Re: Database design confusion
Thanks for your reply, further questions to your answers:
1. How to decide what to normalize what not as initially you don't know much table will grow ?
2. As I understand in case of varchar If I give size 256 or 2032 it will still take same size on disk as it keeps size in 2 or 4 bytes, only difference is during input/output operation performance might hit as server will have to keep 2032 buffer, right ?
3. what are db statistics ?
4. Sub query should be avoided....means should I use join oftenly ?
Re: Database design confusion
Quote:
Originally Posted by
navinkaus
1. How to decide what to normalize what not as initially you don't know much table will grow ?
First, design the db to the 3rd normal form as usual. then start denormalizing. If you don't know what tables will grow then this is a problem. What you can do is to monitor the performance regularly and decide to refactor later.
Quote:
Originally Posted by
navinkaus
2. As I understand in case of varchar If I give size 256 or 2032 it will still take same size on disk as it keeps size in 2 or 4 bytes, only difference is during input/output operation performance might hit as server will have to keep 2032 buffer, right ?
I don't think that the buffer allocated is always the maximum size of the field.
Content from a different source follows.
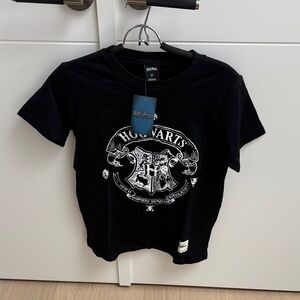 Warner Bros. Black Hogwarts Crest Tee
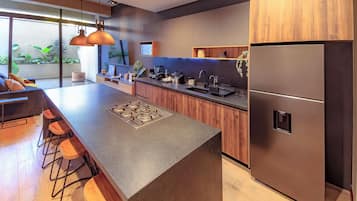 Deluxe Apartment, City View | Private kitchen | Fridge, microwave, stovetop, cookware/dishes/utensils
Logically it should decide the buffer size based on the size indicator. But of course this is only my assumption.
Quote:
Originally Posted by
navinkaus
3. what are db statistics ?
SQL server keeps statistics about data to decide the best execution plan. For example, what is the distribution of values in an index? should the search make index seek or scan? check: SQL Server UPDATE STATISTICS
Quote:
Originally Posted by
navinkaus
4. Sub query should be avoided....means should I use join oftenly ?
What I meant actually is correlated subquery. Where the query is executed per each row. This should be avoided if possible.